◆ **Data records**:

"""

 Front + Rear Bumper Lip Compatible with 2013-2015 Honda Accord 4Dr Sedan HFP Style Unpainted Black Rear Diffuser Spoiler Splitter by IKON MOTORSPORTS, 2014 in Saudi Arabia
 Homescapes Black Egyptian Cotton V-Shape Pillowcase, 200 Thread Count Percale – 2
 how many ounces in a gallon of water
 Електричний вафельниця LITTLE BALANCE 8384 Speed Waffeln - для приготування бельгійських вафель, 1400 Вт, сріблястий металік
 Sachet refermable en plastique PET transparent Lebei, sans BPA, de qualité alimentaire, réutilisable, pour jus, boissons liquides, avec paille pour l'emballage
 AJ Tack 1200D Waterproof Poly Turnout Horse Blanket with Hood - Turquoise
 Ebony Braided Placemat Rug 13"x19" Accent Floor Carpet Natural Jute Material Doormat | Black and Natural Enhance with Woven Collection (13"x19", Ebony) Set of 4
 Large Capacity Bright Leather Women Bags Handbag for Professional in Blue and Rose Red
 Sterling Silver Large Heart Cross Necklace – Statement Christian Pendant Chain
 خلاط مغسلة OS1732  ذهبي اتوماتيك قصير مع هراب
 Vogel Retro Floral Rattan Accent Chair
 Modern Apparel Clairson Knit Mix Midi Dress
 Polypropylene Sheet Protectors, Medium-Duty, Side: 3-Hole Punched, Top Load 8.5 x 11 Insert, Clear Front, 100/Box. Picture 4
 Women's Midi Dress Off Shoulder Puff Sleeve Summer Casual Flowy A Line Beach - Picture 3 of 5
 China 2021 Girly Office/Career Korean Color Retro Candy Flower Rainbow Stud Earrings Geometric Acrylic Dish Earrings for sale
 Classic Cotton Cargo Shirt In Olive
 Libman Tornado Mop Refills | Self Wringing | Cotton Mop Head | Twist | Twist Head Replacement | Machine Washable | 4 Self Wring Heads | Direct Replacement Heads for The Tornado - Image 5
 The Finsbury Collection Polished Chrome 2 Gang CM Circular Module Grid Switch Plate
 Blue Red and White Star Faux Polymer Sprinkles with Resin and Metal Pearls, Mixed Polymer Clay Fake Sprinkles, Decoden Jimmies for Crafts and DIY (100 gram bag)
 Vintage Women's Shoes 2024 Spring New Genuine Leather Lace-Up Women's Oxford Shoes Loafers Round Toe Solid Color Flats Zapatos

"""

◆ **Brief**:
Take the lines from the first line of the records through the line holding "Електричний вафельниця LITTLE", both included, and please reproduce them exactly with nothing added.

◆ **Answer space**:
 Front + Rear Bumper Lip Compatible with 2013-2015 Honda Accord 4Dr Sedan HFP Style Unpainted Black Rear Diffuser Spoiler Splitter by IKON MOTORSPORTS, 2014 in Saudi Arabia
 Homescapes Black Egyptian Cotton V-Shape Pillowcase, 200 Thread Count Percale – 2
 how many ounces in a gallon of water
 Електричний вафельниця LITTLE BALANCE 8384 Speed Waffeln - для приготування бельгійських вафель, 1400 Вт, сріблястий металік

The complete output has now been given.